--- Exercise aim ---
Restate word for word the lines in the listing below, starting at the line containing "Another Fushimi Inari Taisha torii shot" and ending at the line containing "гашик Алексеевка", both included; leave out the rest.

+ + + + +

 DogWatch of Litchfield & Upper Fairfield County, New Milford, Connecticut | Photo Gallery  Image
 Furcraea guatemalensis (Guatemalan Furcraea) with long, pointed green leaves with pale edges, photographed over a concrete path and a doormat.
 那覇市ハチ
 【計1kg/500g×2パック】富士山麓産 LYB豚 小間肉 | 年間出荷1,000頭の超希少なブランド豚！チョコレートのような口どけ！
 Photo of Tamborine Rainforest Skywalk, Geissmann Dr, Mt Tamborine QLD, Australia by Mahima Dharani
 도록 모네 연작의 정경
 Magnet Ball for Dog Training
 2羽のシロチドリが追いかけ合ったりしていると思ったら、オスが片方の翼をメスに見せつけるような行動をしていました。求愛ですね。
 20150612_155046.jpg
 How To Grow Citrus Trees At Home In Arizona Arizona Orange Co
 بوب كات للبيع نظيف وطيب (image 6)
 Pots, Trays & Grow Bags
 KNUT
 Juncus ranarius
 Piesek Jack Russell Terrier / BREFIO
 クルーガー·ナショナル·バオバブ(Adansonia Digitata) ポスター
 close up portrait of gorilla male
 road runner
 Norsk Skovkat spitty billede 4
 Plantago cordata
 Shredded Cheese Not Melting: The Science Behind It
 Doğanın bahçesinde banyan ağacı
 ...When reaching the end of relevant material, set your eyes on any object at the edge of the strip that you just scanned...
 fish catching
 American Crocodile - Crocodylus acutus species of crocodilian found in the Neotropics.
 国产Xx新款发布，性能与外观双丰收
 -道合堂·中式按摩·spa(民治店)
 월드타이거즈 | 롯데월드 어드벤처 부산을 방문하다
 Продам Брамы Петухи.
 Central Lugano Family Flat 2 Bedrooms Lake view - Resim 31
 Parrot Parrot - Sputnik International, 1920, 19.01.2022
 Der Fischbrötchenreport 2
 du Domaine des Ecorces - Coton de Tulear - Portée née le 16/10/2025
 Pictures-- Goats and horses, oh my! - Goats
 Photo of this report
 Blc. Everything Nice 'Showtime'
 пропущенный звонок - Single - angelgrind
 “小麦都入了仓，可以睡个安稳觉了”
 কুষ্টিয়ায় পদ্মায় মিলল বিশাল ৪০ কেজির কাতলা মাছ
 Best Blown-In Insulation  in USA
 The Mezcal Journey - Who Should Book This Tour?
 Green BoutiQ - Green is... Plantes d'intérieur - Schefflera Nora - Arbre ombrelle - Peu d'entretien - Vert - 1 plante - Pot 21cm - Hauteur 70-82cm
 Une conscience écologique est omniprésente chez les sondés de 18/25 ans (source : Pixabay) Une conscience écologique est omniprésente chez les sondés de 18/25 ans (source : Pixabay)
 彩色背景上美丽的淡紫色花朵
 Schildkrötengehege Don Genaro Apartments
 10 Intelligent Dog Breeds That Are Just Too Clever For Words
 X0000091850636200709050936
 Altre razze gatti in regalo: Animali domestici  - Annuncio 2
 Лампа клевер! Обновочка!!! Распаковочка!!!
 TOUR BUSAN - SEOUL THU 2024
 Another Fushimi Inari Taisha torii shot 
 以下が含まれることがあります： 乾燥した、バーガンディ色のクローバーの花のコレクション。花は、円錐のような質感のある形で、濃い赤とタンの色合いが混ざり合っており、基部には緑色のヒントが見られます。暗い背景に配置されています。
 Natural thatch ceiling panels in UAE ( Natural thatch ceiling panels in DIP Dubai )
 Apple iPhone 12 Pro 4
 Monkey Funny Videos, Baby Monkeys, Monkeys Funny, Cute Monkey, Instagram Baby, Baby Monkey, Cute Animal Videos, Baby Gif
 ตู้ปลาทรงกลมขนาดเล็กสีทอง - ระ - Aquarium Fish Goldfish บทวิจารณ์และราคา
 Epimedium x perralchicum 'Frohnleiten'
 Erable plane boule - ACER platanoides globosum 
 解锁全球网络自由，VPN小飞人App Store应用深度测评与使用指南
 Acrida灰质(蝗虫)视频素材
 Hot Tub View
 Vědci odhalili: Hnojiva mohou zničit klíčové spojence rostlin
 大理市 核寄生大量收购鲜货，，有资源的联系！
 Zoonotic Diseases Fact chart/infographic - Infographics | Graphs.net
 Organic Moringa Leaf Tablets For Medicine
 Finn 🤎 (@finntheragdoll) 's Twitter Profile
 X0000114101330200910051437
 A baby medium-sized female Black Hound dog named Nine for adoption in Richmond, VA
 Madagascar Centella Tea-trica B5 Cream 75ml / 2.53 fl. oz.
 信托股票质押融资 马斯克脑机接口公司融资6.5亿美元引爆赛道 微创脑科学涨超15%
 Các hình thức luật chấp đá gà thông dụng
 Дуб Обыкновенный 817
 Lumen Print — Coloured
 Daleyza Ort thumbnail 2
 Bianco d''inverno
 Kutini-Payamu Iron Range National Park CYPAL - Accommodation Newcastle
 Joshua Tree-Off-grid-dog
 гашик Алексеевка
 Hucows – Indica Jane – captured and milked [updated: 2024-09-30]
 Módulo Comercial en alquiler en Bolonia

+ + + + +

--- Solution to the problem ---
 Another Fushimi Inari Taisha torii shot 
 以下が含まれることがあります： 乾燥した、バーガンディ色のクローバーの花のコレクション。花は、円錐のような質感のある形で、濃い赤とタンの色合いが混ざり合っており、基部には緑色のヒントが見られます。暗い背景に配置されています。
 Natural thatch ceiling panels in UAE ( Natural thatch ceiling panels in DIP Dubai )
 Apple iPhone 12 Pro 4
 Monkey Funny Videos, Baby Monkeys, Monkeys Funny, Cute Monkey, Instagram Baby, Baby Monkey, Cute Animal Videos, Baby Gif
 ตู้ปลาทรงกลมขนาดเล็กสีทอง - ระ - Aquarium Fish Goldfish บทวิจารณ์และราคา
 Epimedium x perralchicum 'Frohnleiten'
 Erable plane boule - ACER platanoides globosum 
 解锁全球网络自由，VPN小飞人App Store应用深度测评与使用指南
 Acrida灰质(蝗虫)视频素材
 Hot Tub View
 Vědci odhalili: Hnojiva mohou zničit klíčové spojence rostlin
 大理市 核寄生大量收购鲜货，，有资源的联系！
 Zoonotic Diseases Fact chart/infographic - Infographics | Graphs.net
 Organic Moringa Leaf Tablets For Medicine
 Finn 🤎 (@finntheragdoll) 's Twitter Profile
 X0000114101330200910051437
 A baby medium-sized female Black Hound dog named Nine for adoption in Richmond, VA
 Madagascar Centella Tea-trica B5 Cream 75ml / 2.53 fl. oz.
 信托股票质押融资 马斯克脑机接口公司融资6.5亿美元引爆赛道 微创脑科学涨超15%
 Các hình thức luật chấp đá gà thông dụng
 Дуб Обыкновенный 817
 Lumen Print — Coloured
 Daleyza Ort thumbnail 2
 Bianco d''inverno
 Kutini-Payamu Iron Range National Park CYPAL - Accommodation Newcastle
 Joshua Tree-Off-grid-dog
 гашик Алексеевка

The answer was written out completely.